§ WORK ORDER: Leaving all pictures out, output exactly and only the line containing "Aluminiowa lampa sufitowa" and the lines that follow it to the end of the material below.

§ RECORDED INFORMATION:
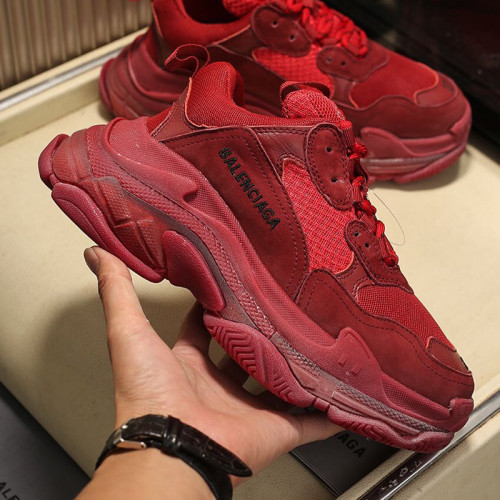 Balenciaga Womens Shoes Breathable Design Sneakers Luxury Brand Triple S Sneaker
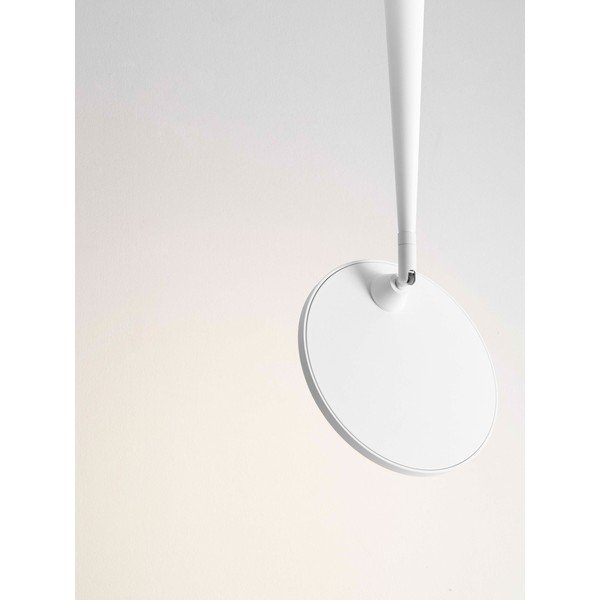 Aluminiowa lampa sufitowa LED z elastyczną konstrukcją w matowym białym kolorze Ekei – Nova Luce-image-3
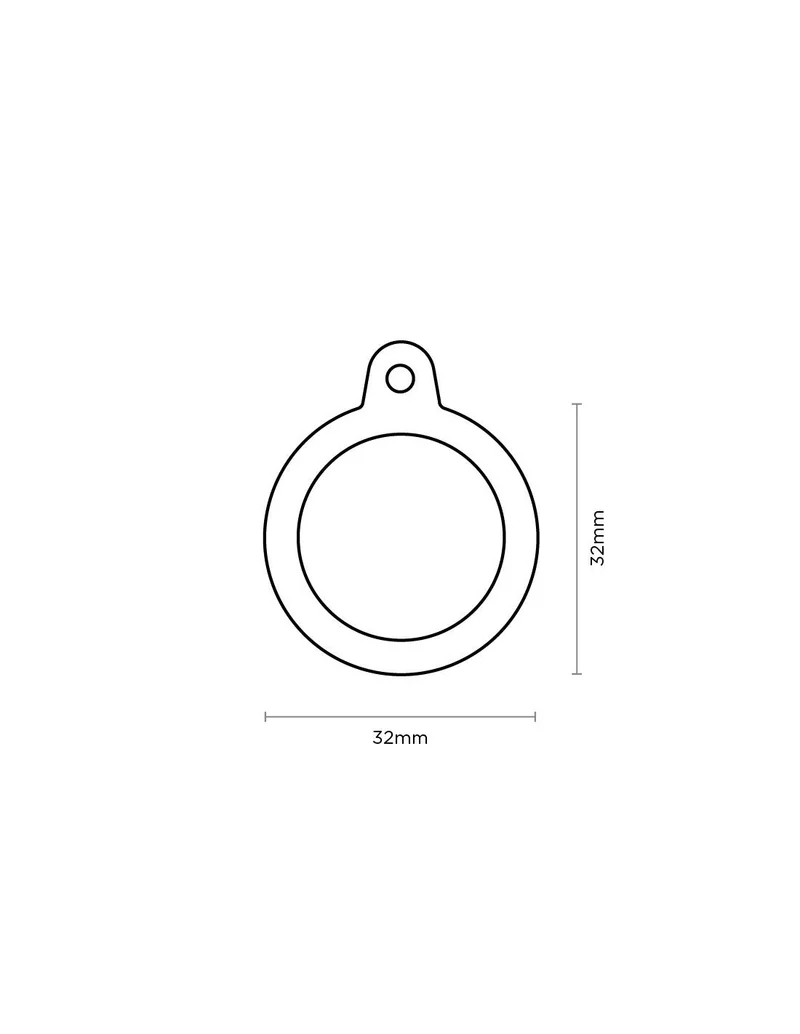 Médaille collection Hushtag , CERCLE ALUMINIUM BLEU, CONTOUR BLEU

§ TASK RESULT:
 Aluminiowa lampa sufitowa LED z elastyczną konstrukcją w matowym białym kolorze Ekei – Nova Luce-image-3
 Médaille collection Hushtag , CERCLE ALUMINIUM BLEU, CONTOUR BLEU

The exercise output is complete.